スイムはフローティングスタート(水面で立ち泳ぎをしながらのスタート)で、川島選手は有力選手が固まっている右側とは反対の左側からのスタートとなった。出場人数が12人と比較的少なかった為、バトルに巻き込まれることも無くスタート直後に体一つ分抜け出し、最初のブイを先頭で通過した。1周目の後半に先頭は奪われたものの、先頭の後ろにしっかりとついて、そのまま有力選手3名と一緒にスイムを終えた。
バイクは、トランジットでレース経験の少なさが原因となり他の3名からは遅れてしまい、単独の4位でスタートする事となった。2周目に入るところでコースを間違えてしまい順位を一つ下げ、終始5位を単独で走る事となり、バイク終了時で先頭集団との差は約5分半となっていた。レース後に本人から話を聞いたところ、トランジットで出遅れた事により気持ちに焦りが生じてしまい、バイクを終了する他のカテゴリーの選手に出された誘導員の指示を、自分に対して出されたものと勘違いしてしまったとの事だった。
アップダウンが激しくかなり脚に負担のかかるコースを、終始単独で走り切った事もあり、ランの状態が非常に心配されたが、1周目を終えて走ってくる川島選手の走りのリズムは良かった。水分補給やランニングフォームに関するこちらの指示にもしっかりと反応し、バイクパートとは逆にトライアスロンを始めて半年も経たない選手とは思えない安定した走りをした。

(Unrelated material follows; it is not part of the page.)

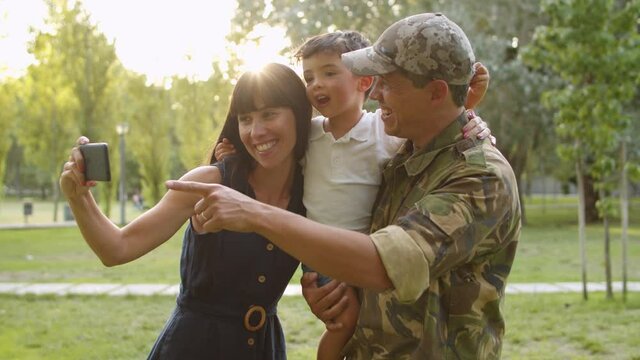Happy military family couple with kids celebrating dads returning, enjoying leisure time in park, taking selfie on smartphone. Family reunion or returning home concept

5周回のランも3周目に入り、4位の選手との差は約5分とかなりあった。舞洲でのレースは熱中症や脱水で、途中リタイヤしてしまう選手が多いと聞いていたので、まずは無事にゴールさせて1ポイントでも多くジャパンカップのポイントを獲得させる事が重要と判断。ラン後半なって表情もさすがに険しくなってきたので、追い込み過ぎず、給水所での補給を怠らずに最後まで落ち着いてレースをするように指示した。
結果は5位と、3位入賞という目標には届かなかった。しかも、レース後に過呼吸と軽い脱水で倒れてしまい、エリートでの初オリンピックディスタンスレースは、川島選手にとって現段階で早急にクリアしなければならない課題を痛感させられたレースとなった。しかし、バイク・ラン強化の目的で行った合宿の成果が、既に出てきていることも実感出来たレースでもあった。まだまだ初心者である川島選手は、レースでのどんなに小さい経験も、大きなレベルアップに繋がっていく経験となる段階にいる。これから必死で取り組まなければならない事も明確になったので、同じチームのメンバーとして出来る限りの協力をしていこうと改めて思った。